Pursuant to Article 1479 of the Code of Commerce, all interim measures ordered by an arbitral tribunal are binding and unless otherwise determined by the arbitral tribunal, such interim measures can be enforced upon request to court. Furthermore, the parties that have requested or obtained the recognition, or the enforcement of an interim measure shall immediately inform the judge in the event of revocation, suspension or modification of such measure. 

If the arbitral tribunal has yet to demand a guarantee from the party that requests an interim measure, the court to which the request for recognition or enforcement of an interim measure has been addressed can order the requesting party to give a guarantee in order to protect third-party rights. 

Moreover, pursuant to Article 1425, provisional relief can be granted by courts in support of arbitrations, before or during arbitration proceedings at the request of one of the parties.

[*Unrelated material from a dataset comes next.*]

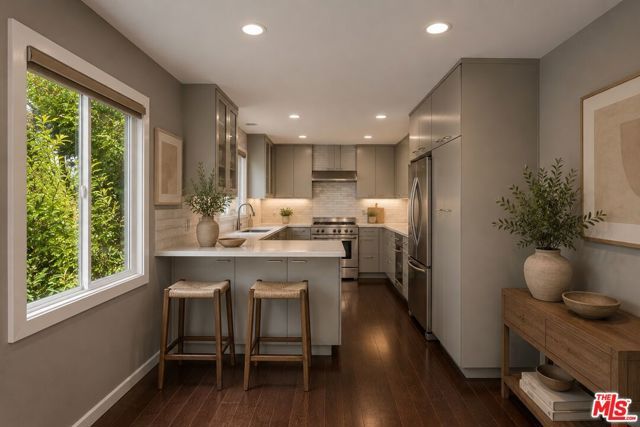 1438 Davies Drive, Beverly Hills, CA 90210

The parties may request that a court grant provisional relief before or during the arbitration proceedings. Upon such request, the court has complete discretion to adopt any interim measures that it may deem appropriate. 12 Code of Commerce, art 1478. Therefore, all types of measure without any limitation are allowed. 

Nevertheless, it should be noted that where any provisional remedy or relief is requested from a court, such requests are made through special legal procedures and the court’s decision can be appealed which may delay the arbitration. 

6. CONDUCT OF PROCEEDINGS

6.1 General procedural principles

Equal treatment of the parties

6.1.1 The application of the principles of equal treatment of the parties and due process is recognised in Article 1434 of the Code of Commerce, which provides that the parties shall be treated equally and given the opportunity to exercise their corresponding rights. 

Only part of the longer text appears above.